#### Work to complete
Reproduce all of the data below without alteration; exclude every picture.

#### Working data

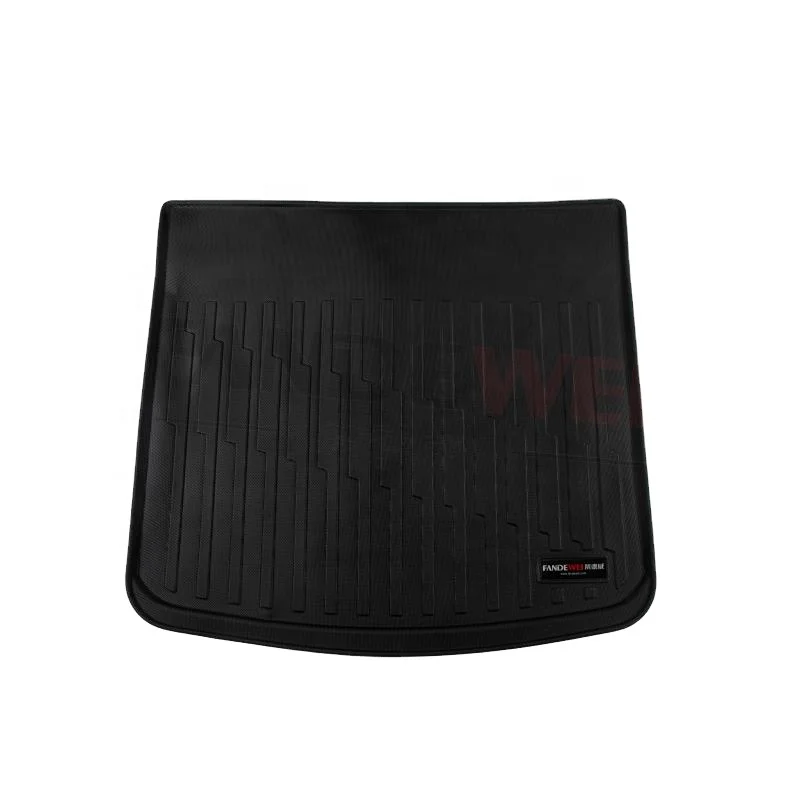 

TPV Material Tray-type 3D Car Trunk Mat Waterproof and Durable Car Mats Auto Parts for LYNK&CO 5 Use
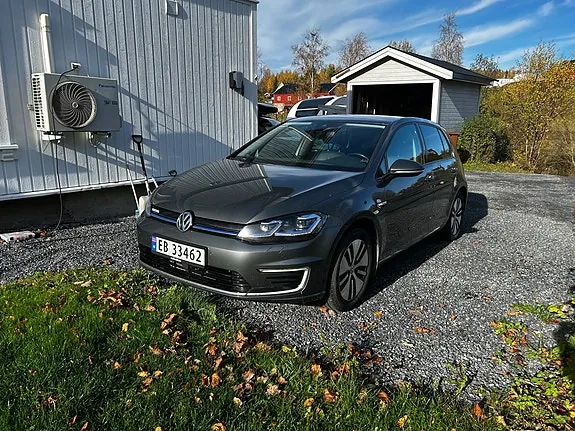 Volkswagen E-Golf Vii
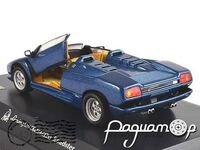 Lamborghini Diablo Roadster Concept (1992) ART 113 [DB]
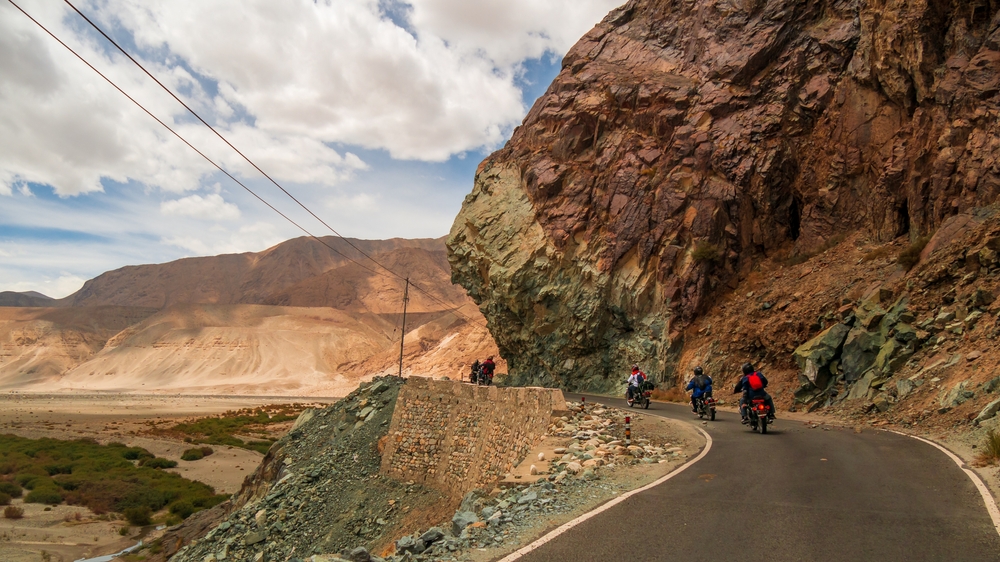 Khardung La leh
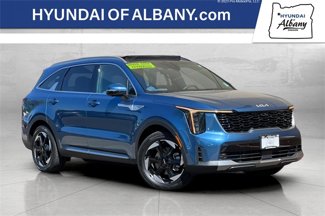 Used 2025 Kia Sorento SX Prestige image 1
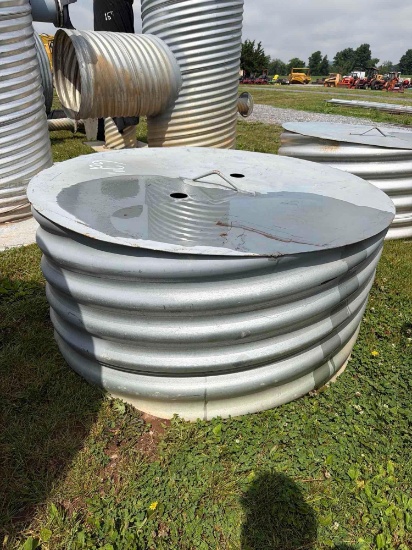 62 Pipe With Cover
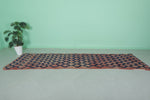 Trellis Runner Rug 3.1 x 12.8 Feet - Handwoven Moroccan Rug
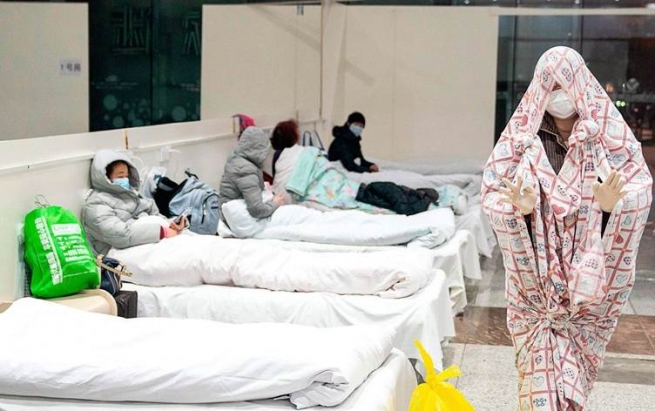 رێكخراوی تەندروستی جیهانی: دەبێت جیهان زیاتر خۆی بۆ کۆرۆنا ئامادەبکات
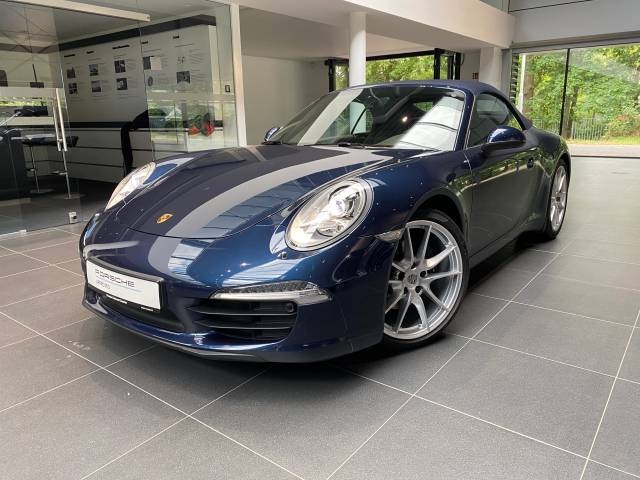 Porsche 911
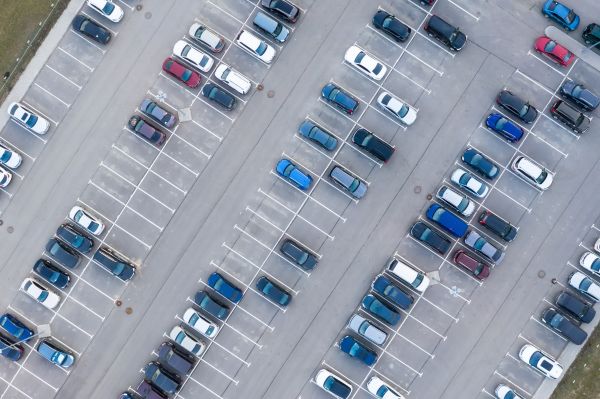 Concrete Parking Lot Service in Davis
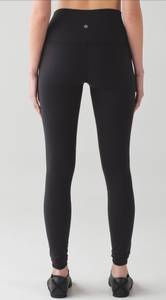 Lululemon WunderUnder Leggings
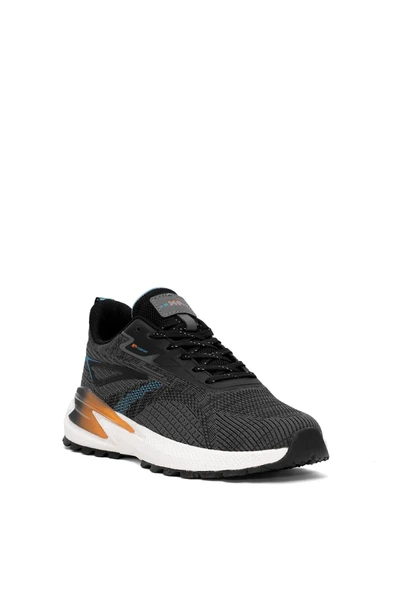 M.P. M.P 251-2823Mİ Erkek Yürüyüş Ayakkabısı Füme - Resim 2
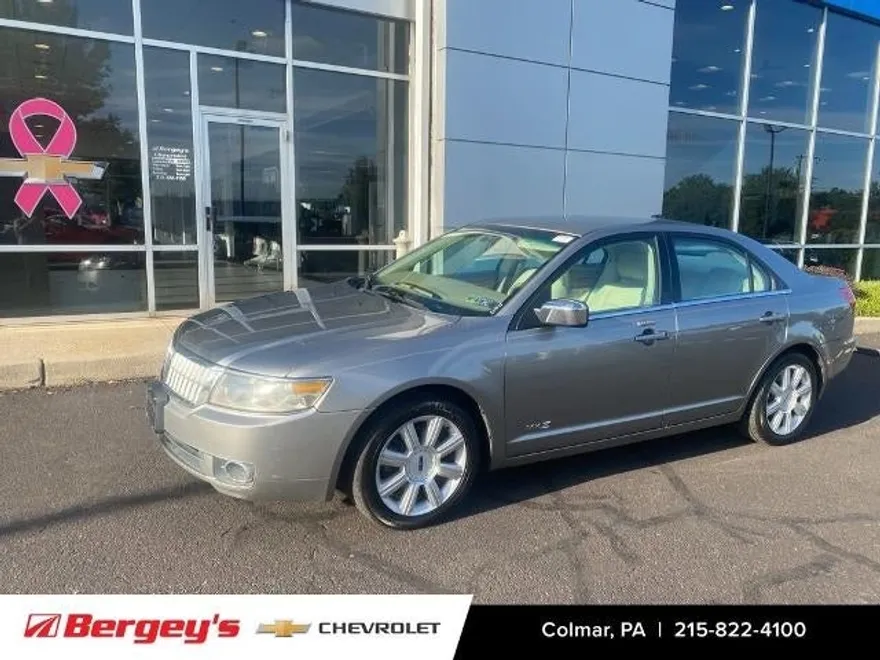 2008 Lincoln MKZ Base photo 1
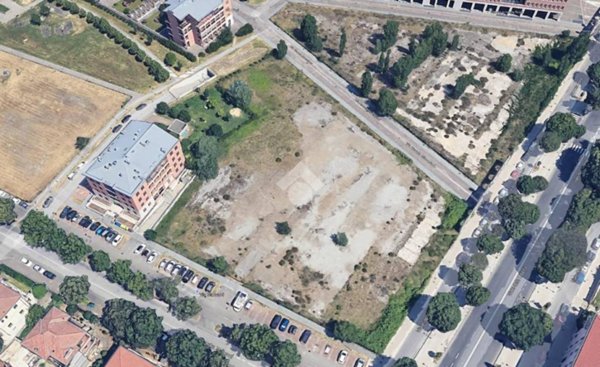 terreno edificabile in vendita a Forlì in zona Musicisti / Grandi Italiani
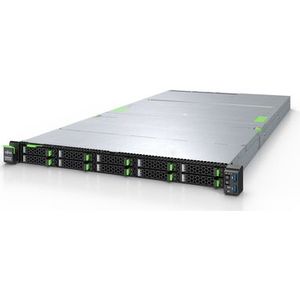 Fujitsu PRIMERGY RX2530 M6 server Rack (1U) Intel® Xeon® Gold 5315Y 3,2 GHz 32 GB DDR4-SDRAM 900 W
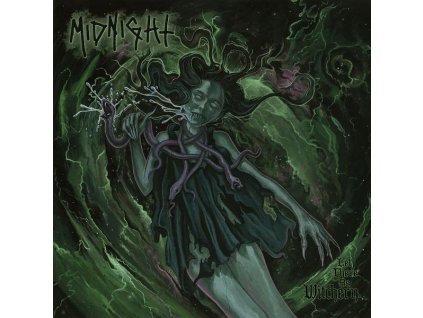 Midnight - Let There Be Witchery (180g) (Black Vinyl) (LP)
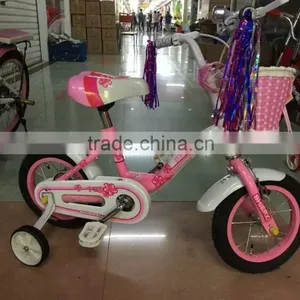 Baby Boy and Girls Beautiful Children Bike, Kids Bicycle Made in China thumbnail-2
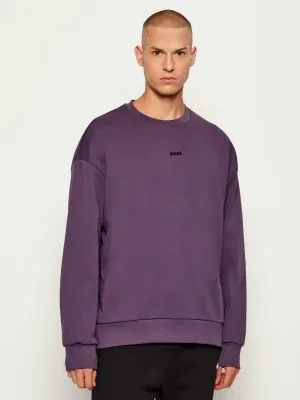 BOSS GREEN Bluza Stenson | Oversize fit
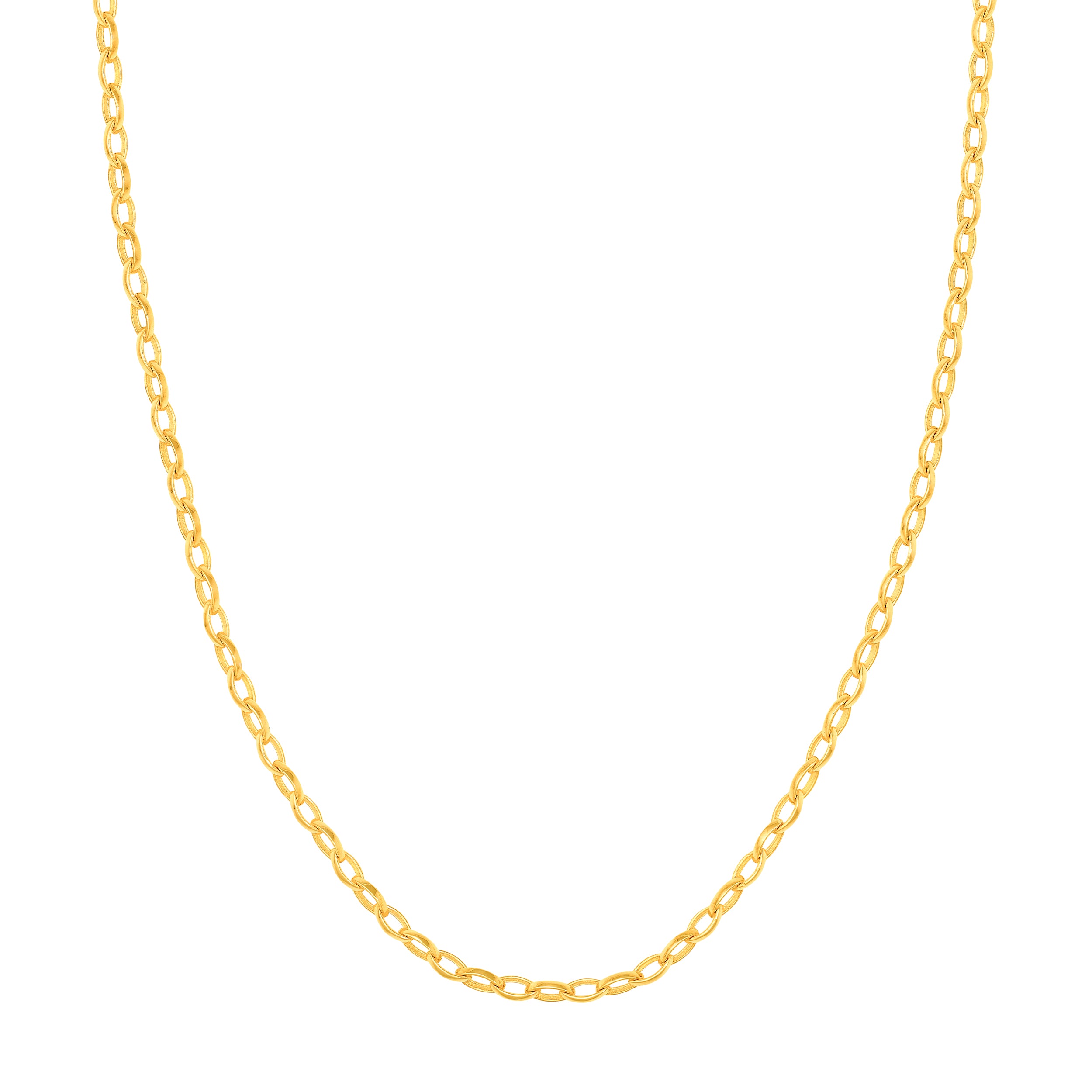 Marquise Link Chain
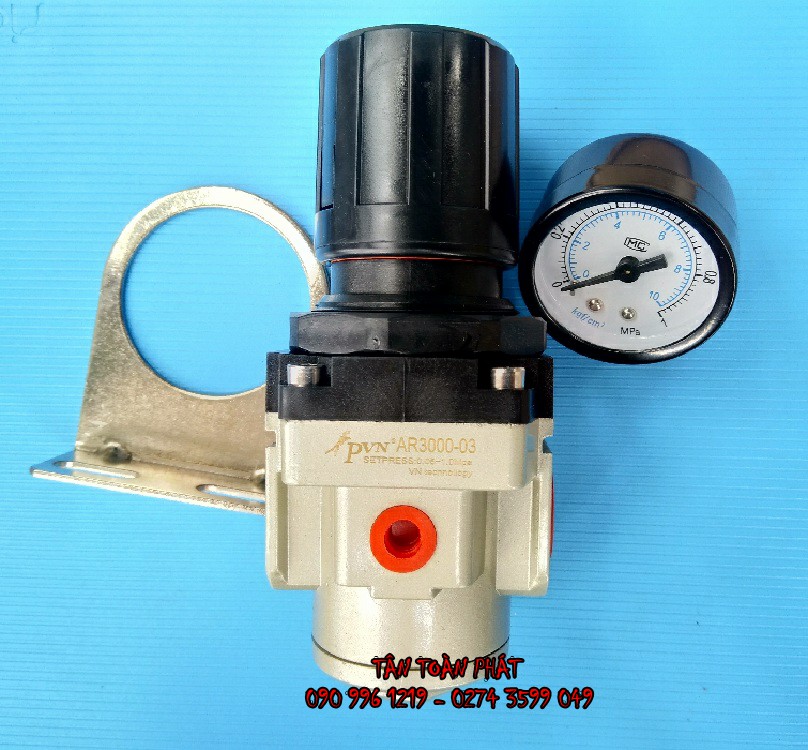 Chỉnh áp khí nén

#### Written answer
TPV Material Tray-type 3D Car Trunk Mat Waterproof and Durable Car Mats Auto Parts for LYNK&CO 5 Use
 Volkswagen E-Golf Vii
 Lamborghini Diablo Roadster Concept (1992) ART 113 [DB]
 Khardung La leh
 Used 2025 Kia Sorento SX Prestige image 1
 62 Pipe With Cover
 Trellis Runner Rug 3.1 x 12.8 Feet - Handwoven Moroccan Rug
 رێكخراوی تەندروستی جیهانی: دەبێت جیهان زیاتر خۆی بۆ کۆرۆنا ئامادەبکات
 Porsche 911
 Concrete Parking Lot Service in Davis
 Lululemon WunderUnder Leggings
 M.P. M.P 251-2823Mİ Erkek Yürüyüş Ayakkabısı Füme - Resim 2
 2008 Lincoln MKZ Base photo 1
 terreno edificabile in vendita a Forlì in zona Musicisti / Grandi Italiani
 Fujitsu PRIMERGY RX2530 M6 server Rack (1U) Intel® Xeon® Gold 5315Y 3,2 GHz 32 GB DDR4-SDRAM 900 W
 Midnight - Let There Be Witchery (180g) (Black Vinyl) (LP)
 Baby Boy and Girls Beautiful Children Bike, Kids Bicycle Made in China thumbnail-2
 BOSS GREEN Bluza Stenson | Oversize fit
 Marquise Link Chain
 Chỉnh áp khí nén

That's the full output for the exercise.